Felicia and her husband had been living apart for four years. She was in the Dominican Republic with their three children and he was in New York City, working and saving money to bring his wife and children to the United States. In the Dominican Republic, he had not been abusive. During their time apart, he never missed a weekly phone call and always sent his wife money to live on. But when she arrived in the United States with the kids, everything changed.
(translated from Spanish)
When I arrived from the Dominican Republic, I discovered that my husband had an alcohol problem. At first we argued constantly. Then he started verbally abusing me and then physically abusing me. But the decision to leave home isn't made in a minute, especially if you don't have anywhere else to go. I knew I had to leave the day my husband got drunk and threatened me with a knife.
I spoke to a counselor at my son's school and told her what was happening to me. I'd been in the United States less than a year. I didn't know anybody and I didn't have plane fare for myself and my kids. The counselor told me about Safe Horizon.
Safe Horizon sent a taxi to take me to their office. There, I met my counselor, Carmen, and she arranged for us to come to Mrs. O'Connor's house. We moved here that same day and have been here for four months. It's good to be here. Mrs. O'Connor is a great lady and it's good to feel safe. It's hard for us to communicate. She speaks only a little Spanish and I speak no English. Her son speaks Spanish so he helps us a lot. And Carmen comes over to make sure that I have everything I need.
It's hardest on my kids. They don't understand a lot about the situation. They love their father. They miss him. That's natural. They aren't as free here as they were in their own home. But for the most part, they're doing fine.
I feel a lot better since I've been here. I go to group counseling at Safe Horizon and also meet with Carmen by myself. When my husband was abusing me, I felt I had no one to turn to. I felt useless and good for nothing. Now I don't feel that way. Listening to the experiences of other women, I realized I wasn't alone, that I wasn't solely responsible for my problems, and that problems have solutions. I feel good now, self-confident.
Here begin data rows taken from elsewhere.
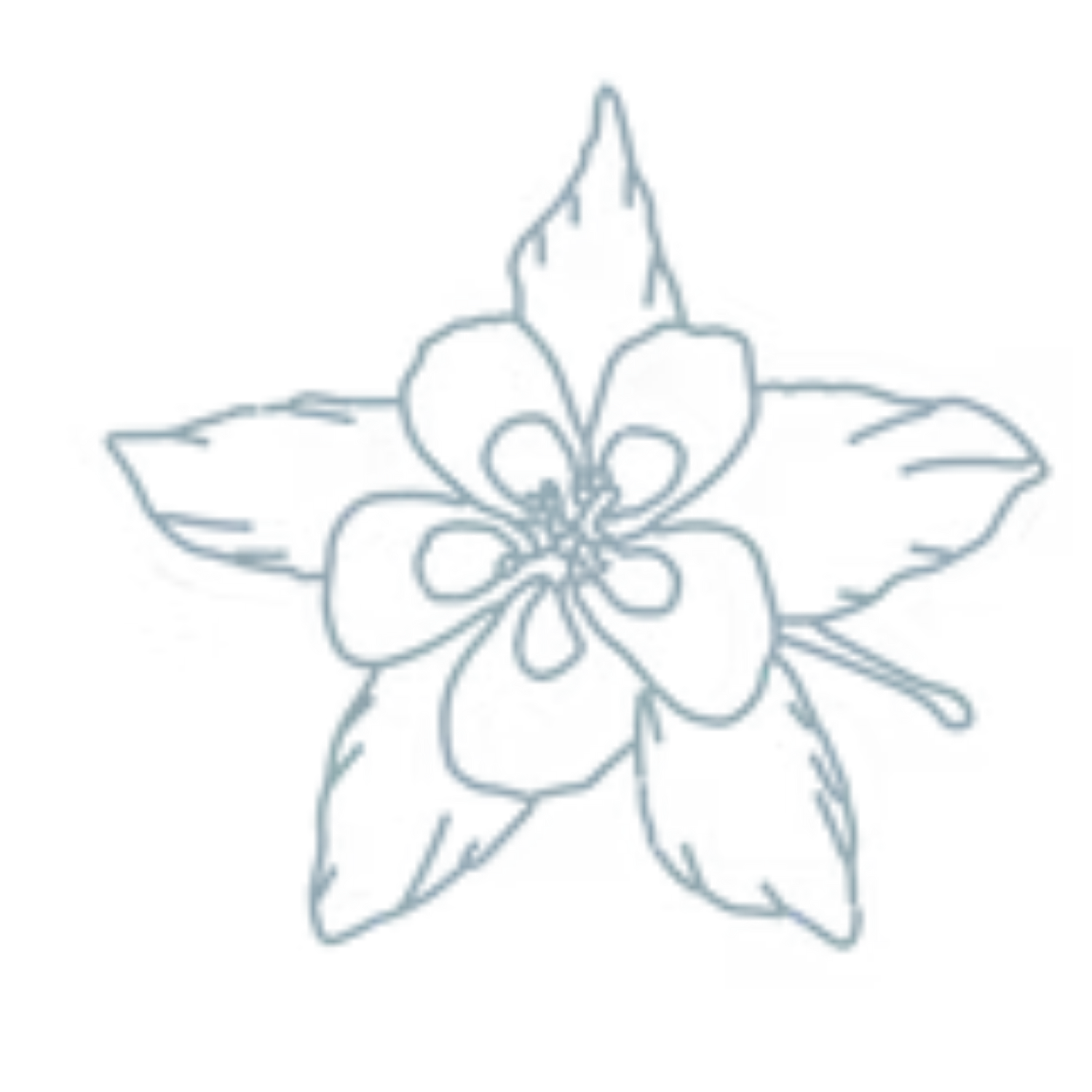 Blue Columbine Cohousing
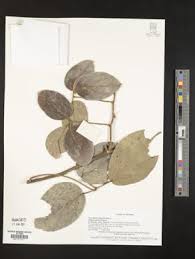 Image result for Illigera pentaphylla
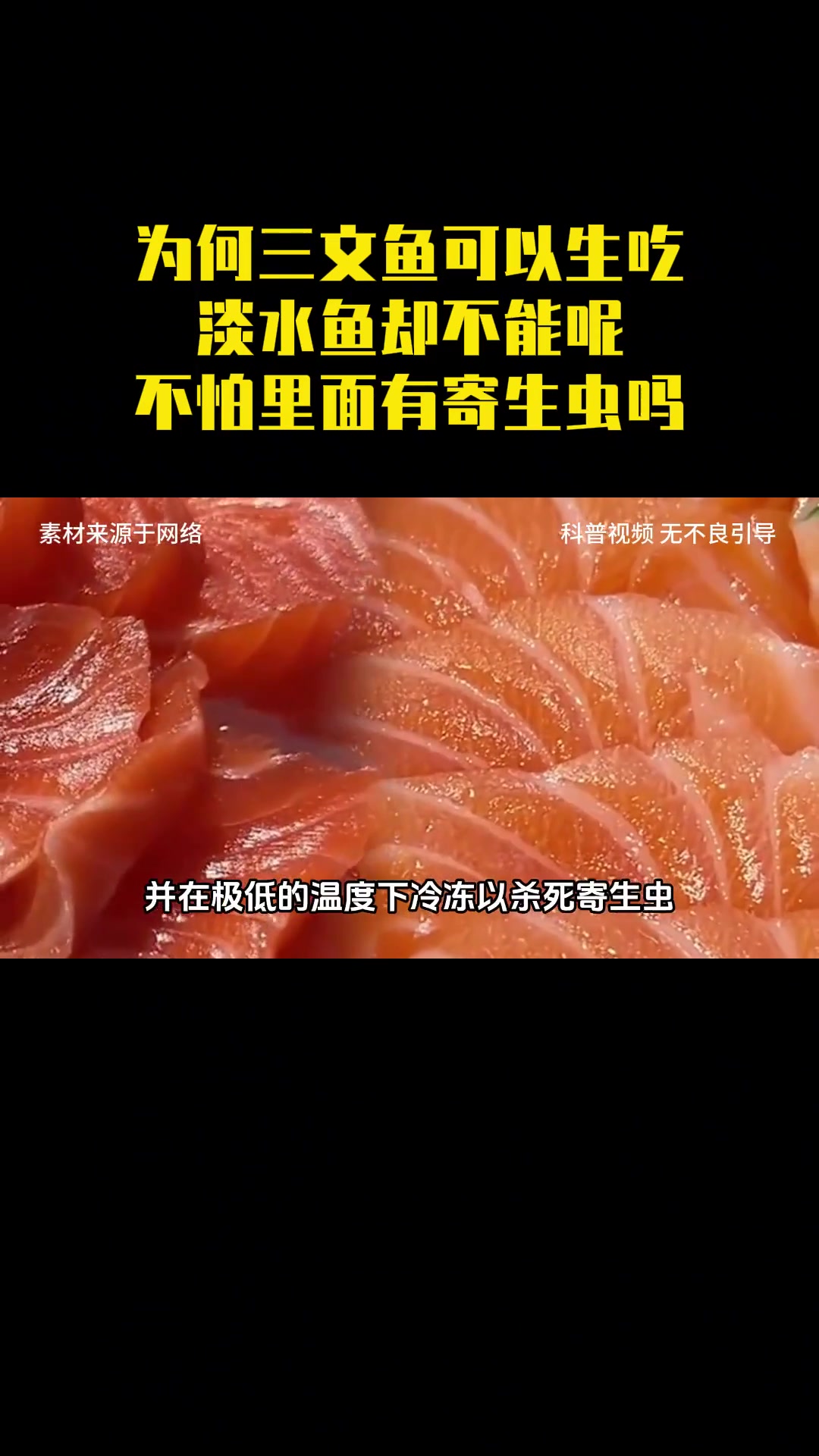 同样是鱼,为何三文鱼可以生吃淡水鱼却不能?不怕里面有寄生虫吗
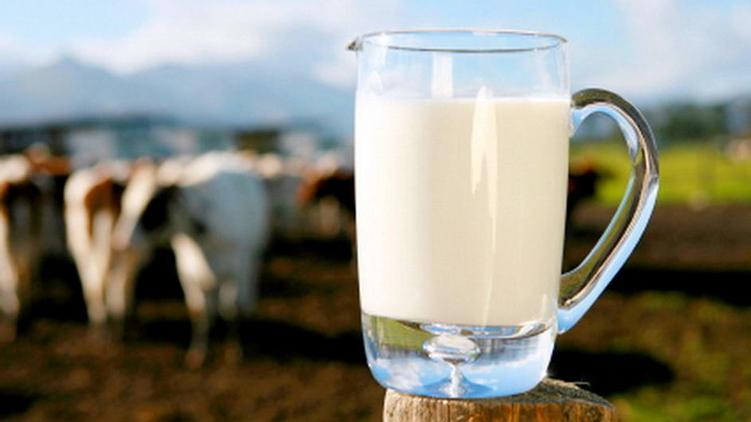 З 1 січня Україна може відмовитися від молока другого ґатунку 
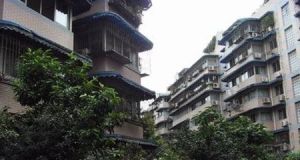 蜀都苑2室2厅南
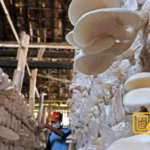 Budidaya Jamur Tiram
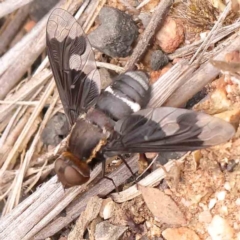 Balaana sp. (genus) (Bee Fly) at Acton, ACT - 30 Jan 2024 by ConBoekel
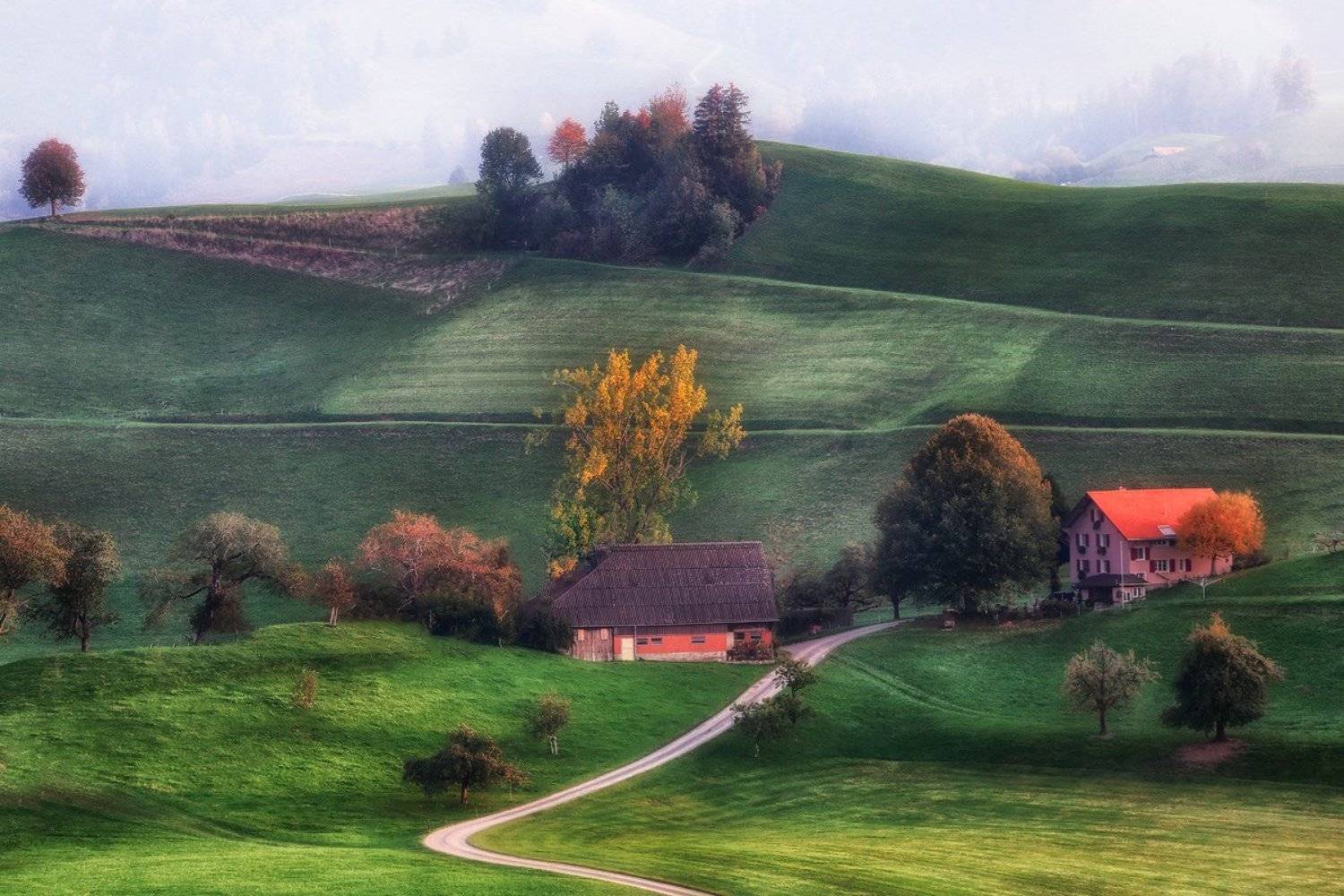 , Галина Хвостенко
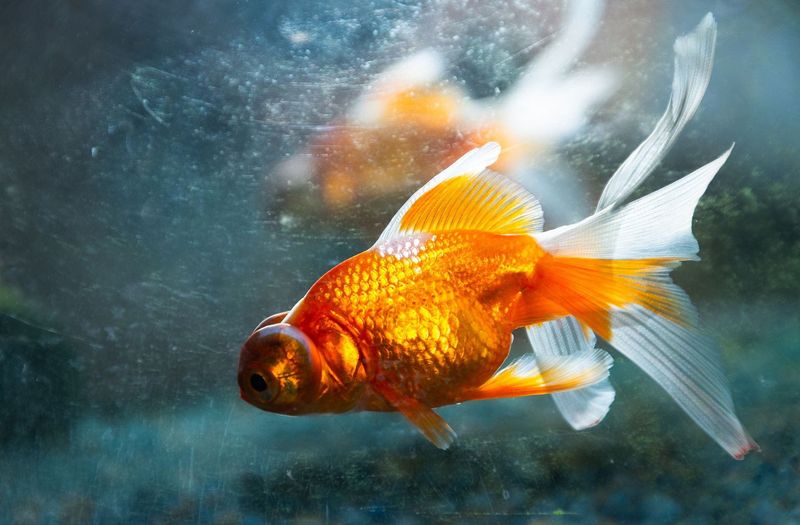 All Goldfish Look the Same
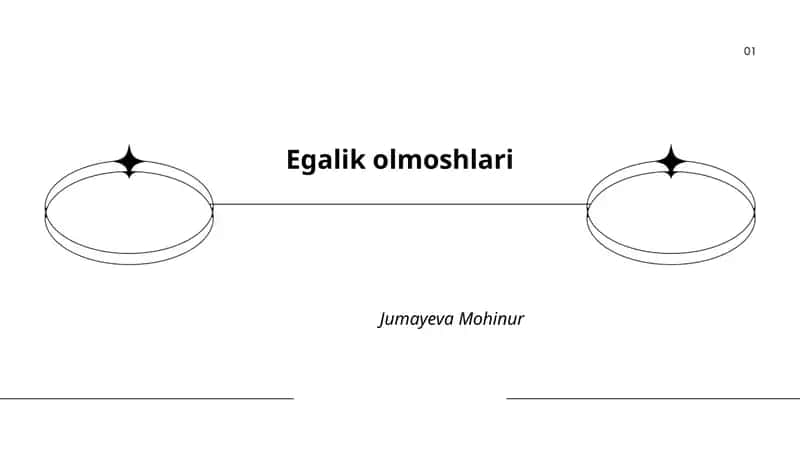 Egalik olmoshlari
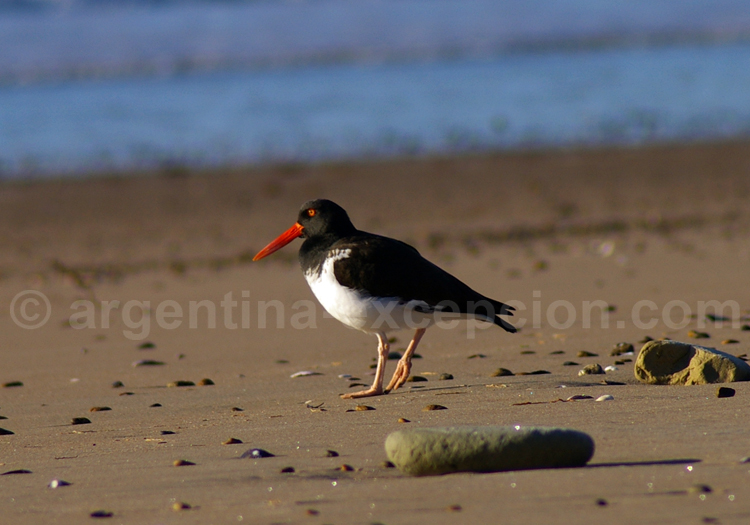 Huîtrier d'Amérique Huîtrier d'Amérique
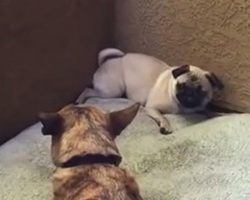 (Video) Spoiled Rotten Pug Throws a Huge Temper Tantrum. Now Prepared to be Shocked When Discovering Why!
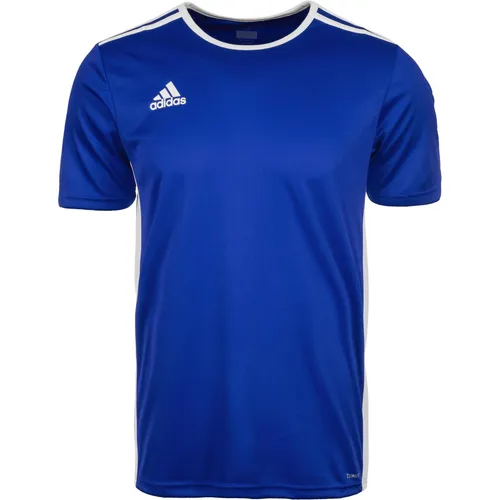 adidas Entrada 18 Fussball (M) (8660539)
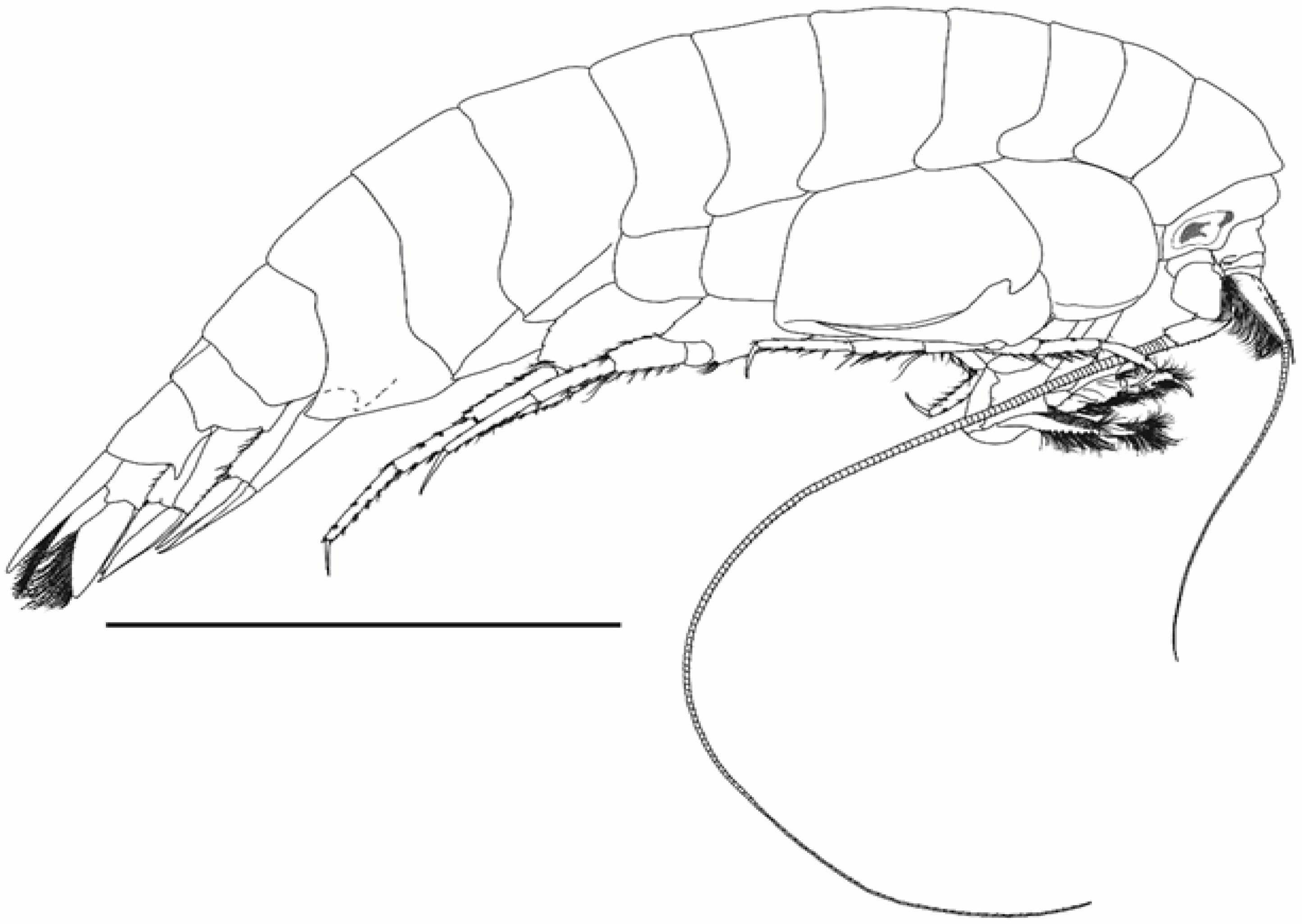 Taxonomy 01 00027 g001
Safe Horizon helped me get my Green Card and public assistance benefits. But I want to learn to speak English so that I'll be able to work. Next week we have an interview for a house in the projects and are hoping to move soon. But for now, we're fine here.
Before I left my husband, I thought about killing myself. All that stopped me was my kids. I'm sure there are other abused women who've had the same feeling; now I know there's another way. When I left my husband, I felt so bitter and angry at everyone. Safe Horizon helped me to let go of the anger and realize that not everyone is going to hurt me. Not everyone is alike.